This PR marks a somewhat important milestone in this library: support for reading only "current" records from the parquet dataset in a performant and memory-efficient manner.

This builds on PR #143, which introduced the TIMDEXRunManager which provided explicit lists of parquet files based on run ETL metadata. With that in hand, TIMDEXDataset was updated in two key ways.

First, the .load() method was updated to include a current_records:bool keyword argument, which when True, will utilize the TIMDEXRunManager to set an explicit list of parquet files for any future reading.

Second, when current_records are requested a private attribute is set TIMDEXDataset._dedupe_on_read = True. This informs all read methods to perform record deduping on read, which they can confidently and easily do with the dataset parquet files explicitly set in reverse chronological order.
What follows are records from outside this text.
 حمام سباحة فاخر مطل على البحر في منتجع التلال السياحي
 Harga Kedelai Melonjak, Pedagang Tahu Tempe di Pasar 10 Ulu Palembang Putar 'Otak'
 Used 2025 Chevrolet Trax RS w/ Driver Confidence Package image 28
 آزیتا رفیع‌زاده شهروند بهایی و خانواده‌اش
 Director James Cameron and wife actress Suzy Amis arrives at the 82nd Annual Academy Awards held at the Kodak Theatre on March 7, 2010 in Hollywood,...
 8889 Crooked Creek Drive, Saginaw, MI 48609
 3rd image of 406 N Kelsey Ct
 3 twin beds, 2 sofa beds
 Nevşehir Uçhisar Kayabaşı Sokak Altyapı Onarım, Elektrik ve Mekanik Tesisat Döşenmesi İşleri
The majority of the work was not getting this functional, but keeping the API minimal, intuitive, and non-surprising where possible. For example, to read only current dspace records from the dataset, only the following is required:

from timdex_dataset_api import TIMDEXDataset

timdex_dataset = TIMDEXDataset("s3://bucket/dataset")
timdex_dataset.load(current_records=True, source="dspace")
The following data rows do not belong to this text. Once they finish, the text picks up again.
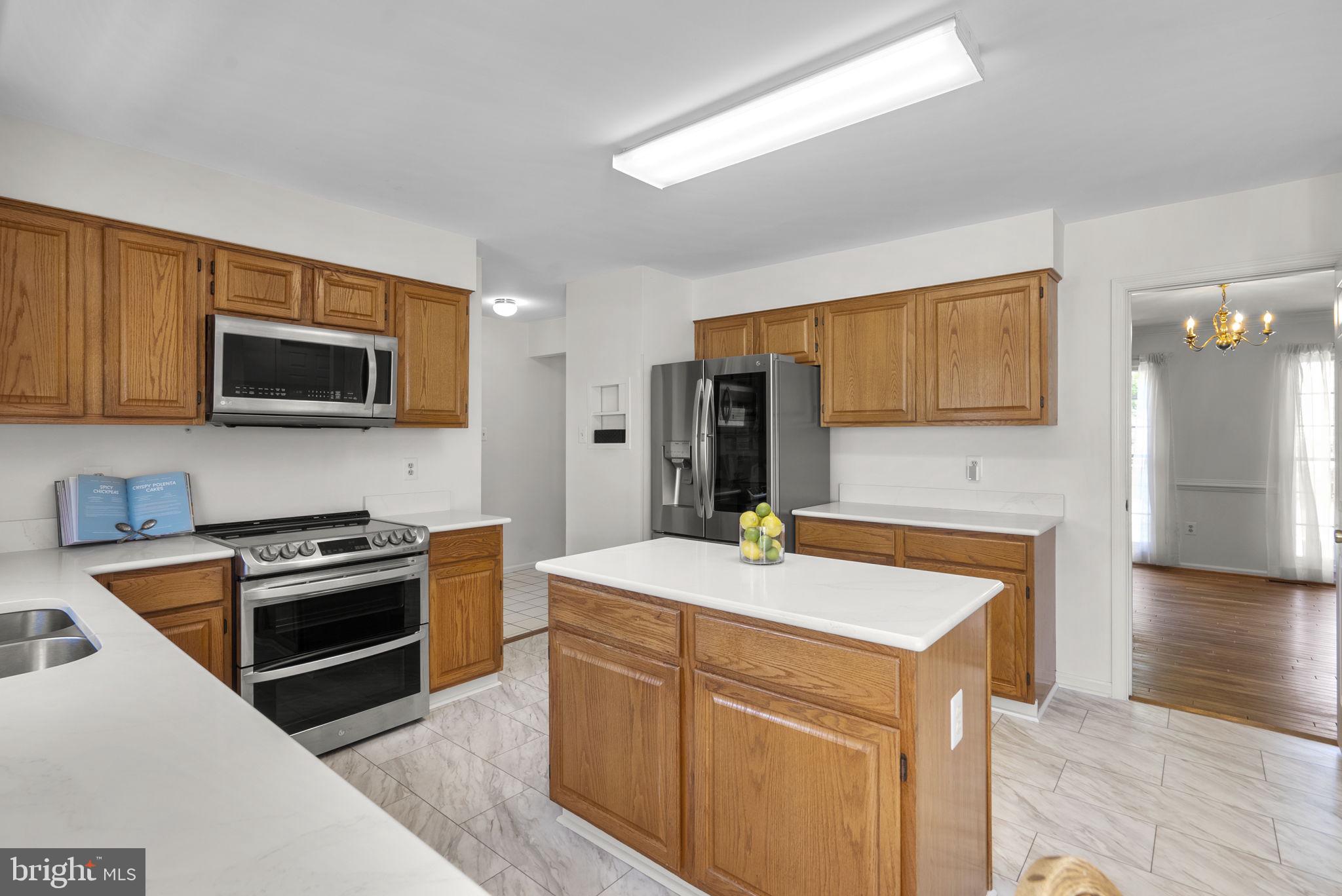 8201 Sandy Stream Road Laurel, MD 20723 - Photo 5 of 51 Upgraded LG stainless steel appliances (2021)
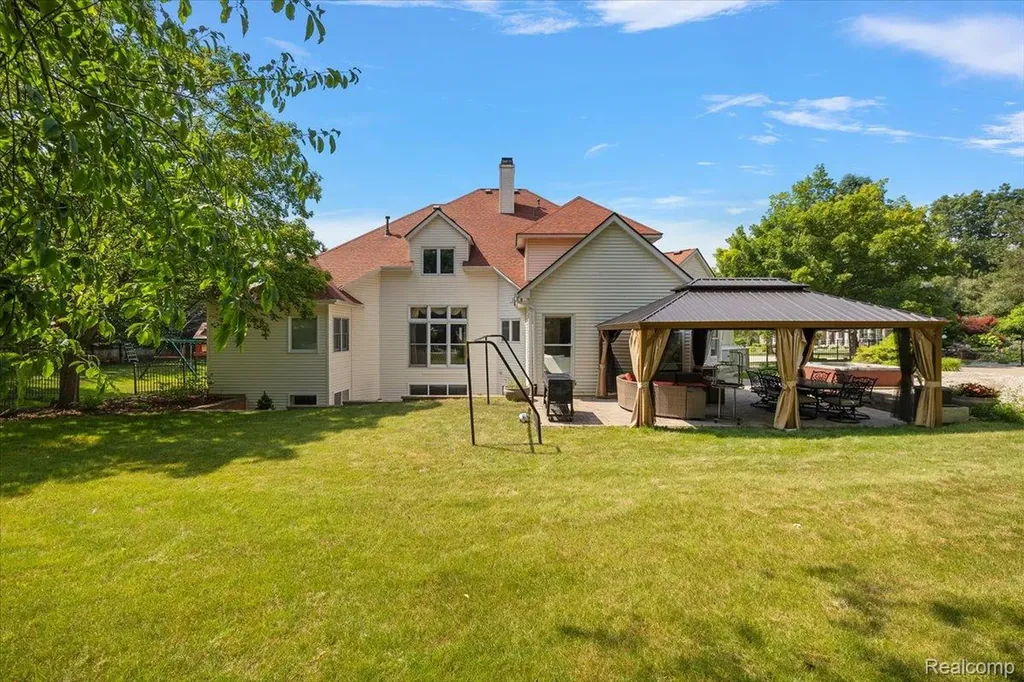 3460 Forest Meadow Court Saginaw Charter Township MI 48603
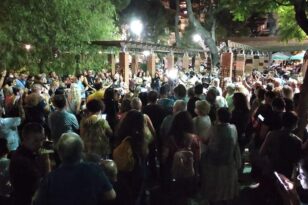 Η Πάτρα αποχαιρέτισε τον Μίκη Θεοδωράκη - Η ιδιαίτερη μουσική βραδιά του Δημήτρη Κωστακιώτη στα Ψηλαλώνια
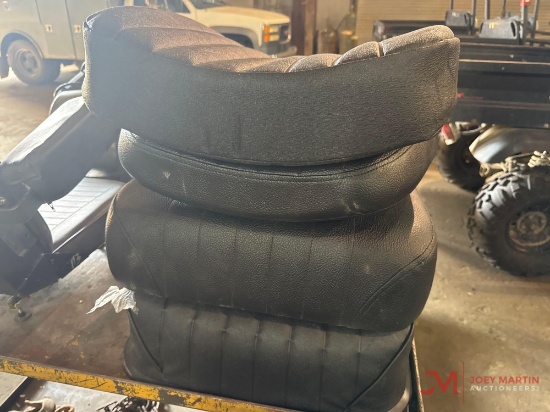 (2) SEATS & SEAT BACKS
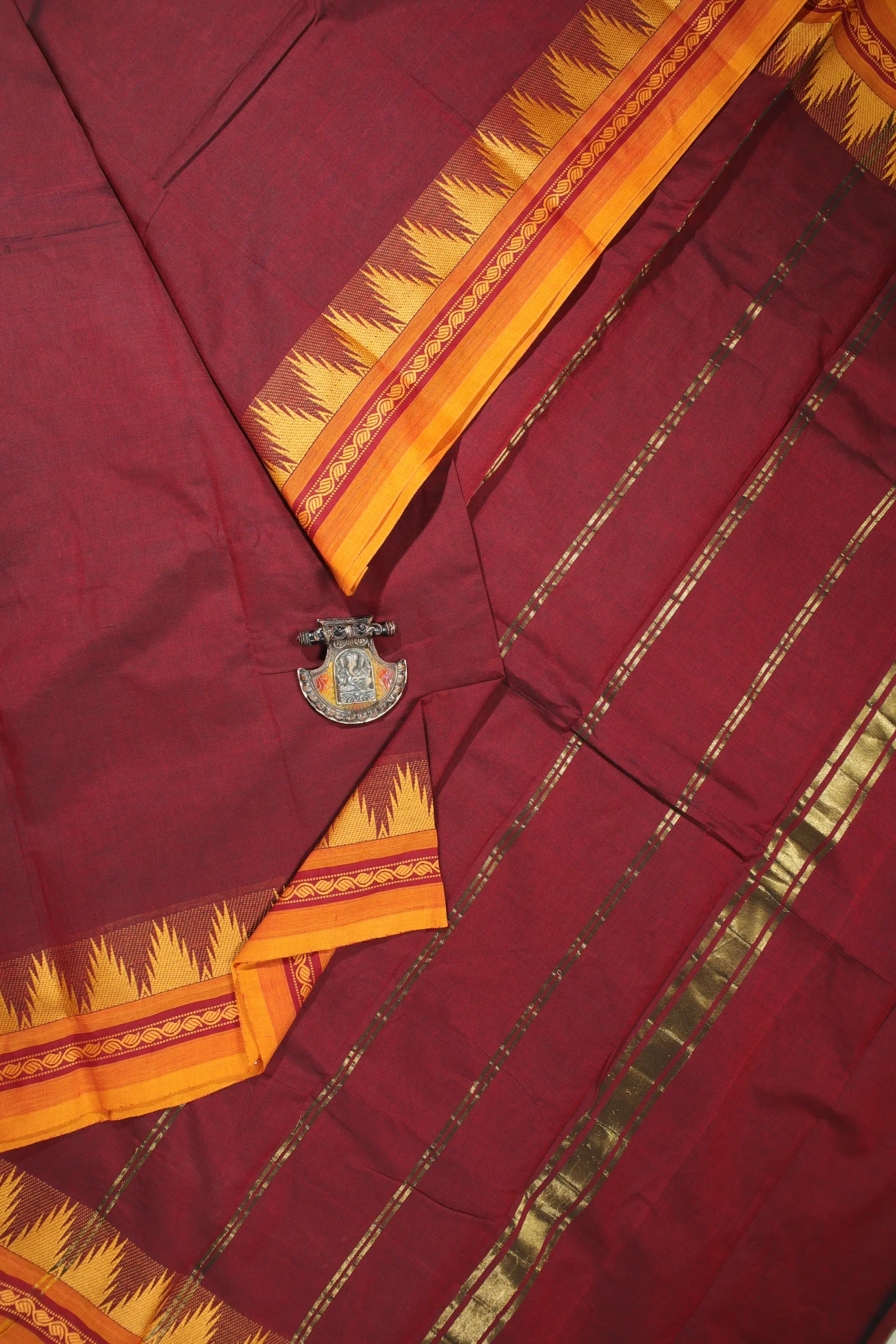 dark-maroon-thalampoo-reku-kundavai-saree-kun000021-a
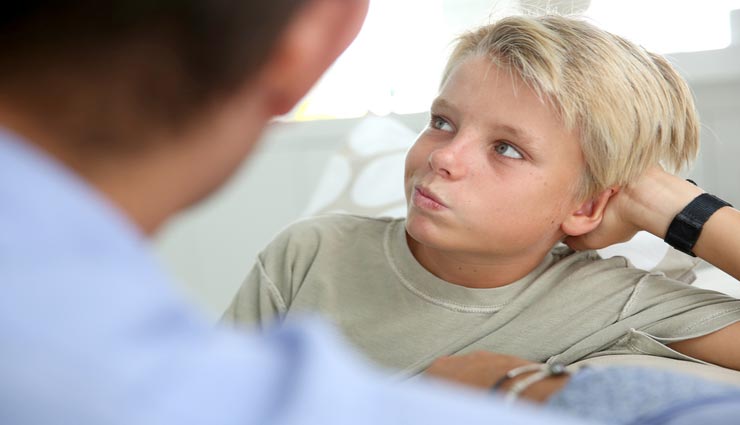 बच्चों की गलत आदतें बनती हैं पेरेंट्स की चिंता का विषय, इस तरह दूर करें यह परेशानी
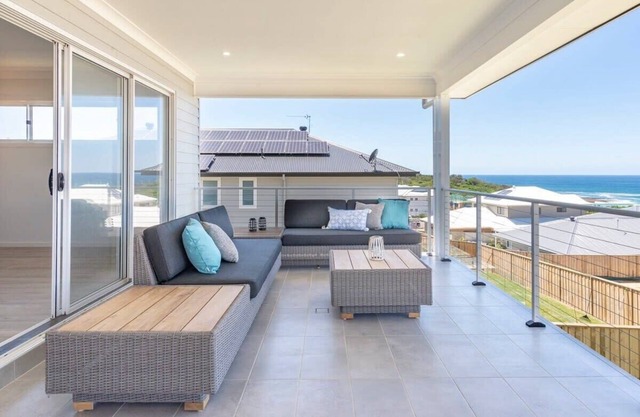 Casa Bel/ Brand New Mansion /Min From Beach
# from here, all read methods will produce only current records

The first anticipated use case is for TIM, where a new CLI command along the lines of reindex-source would utilize this new .load() + read technique to yield all and only current records for a source purely from dataset data. No re-harvests would be required. This is useful for development work, and could be a very useful option in disaster recovery situations.
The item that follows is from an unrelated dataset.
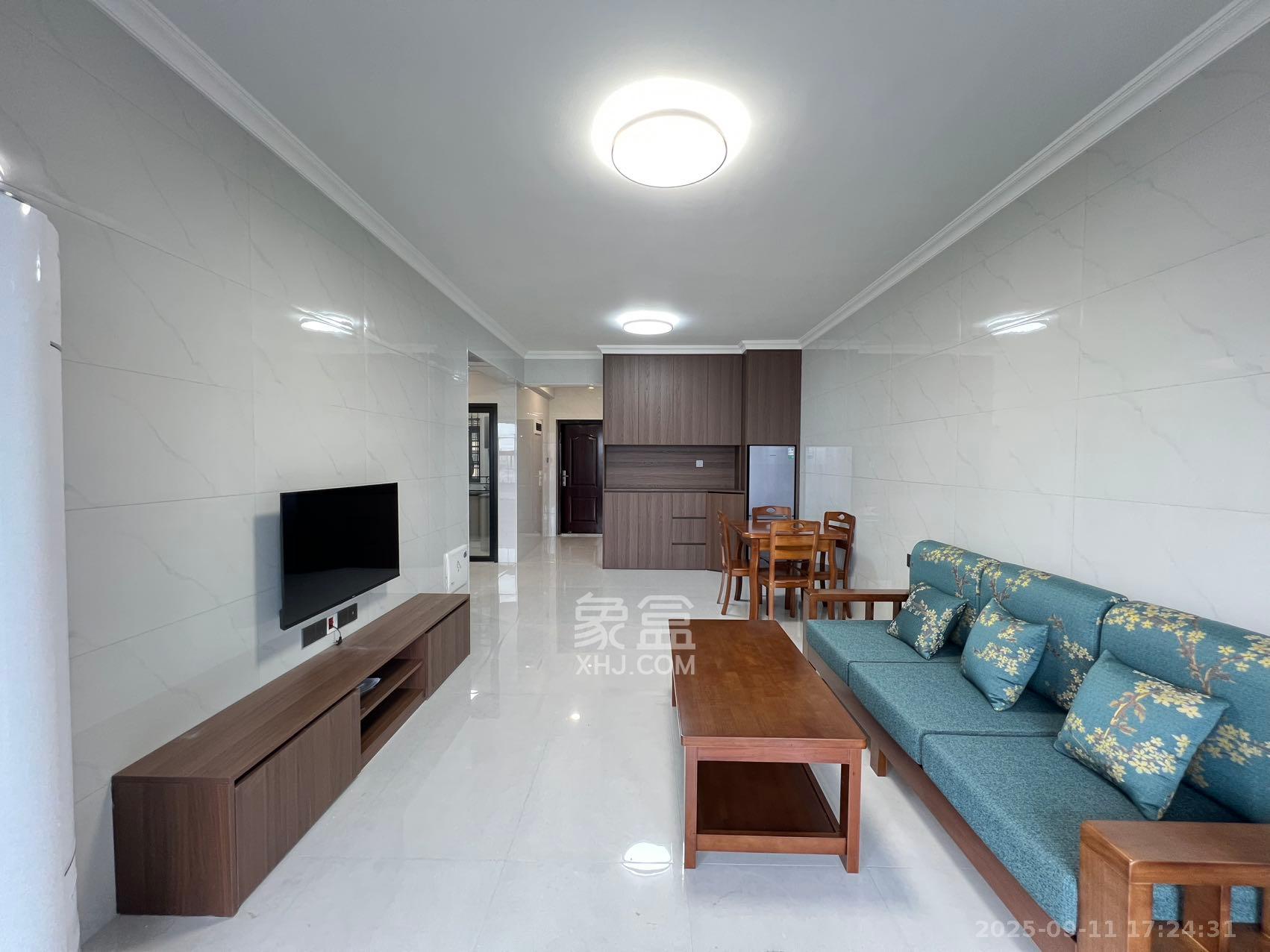 嘉雨兴园  2室1厅1卫    2500.0元/月室内图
How can a reviewer manually see the effects of these changes?

1- Set Dev Admin AWS credentials

2- Set following env vars (if not already):

TDA_LOG_LEVEL=DEBUG
WARNING_ONLY_LOGGERS=asyncio,botocore,urllib3,s3transfer,boto3

3- Start Ipython

pipenv run shell

4- Load the dataset for libguides current records only

from timdex_dataset_api import TIMDEXDataset
from timdex_dataset_api.config import configure_dev_logger

configure_dev_logger()

timdex_dataset = TIMDEXDataset("s3://ghukill-test/timdex-dataset/prod_2025_05_05")
timdex_dataset.load(current_records=True, source="libguides")
  • Note some logging outputs that indicate the dataset is loaded and filtered

5- Given the small number of records for this source, load them all into a dataframe (takes ~5 seconds):

df = timdex_dataset.read_dataframe()

6- Inspecting the dataframe to confirm that timdex_record_id is unique:

df.timdex_record_id.is_unique
# Out[3]: True

7- Observe the ETL runs present in the records:

df[['run_date','run_type','run_id']].value_counts()
  • The count is effectively how many records from that run are "current" (i.e. no new versions after that)
  • Note the single run_type="full" has the bulk of the records, and run_type="daily" runs are just incrementally updating

8- Lastly, optional and just for kicks, an more full fledged example showing looping through all current records for dspace:

import time

from timdex_dataset_api import TIMDEXDataset
from timdex_dataset_api.config import configure_dev_logger

configure_dev_logger()

timdex_dataset = TIMDEXDataset("s3://ghukill-test/timdex-dataset/prod_2025_05_05")
timdex_dataset.load(current_records=True, source="dspace")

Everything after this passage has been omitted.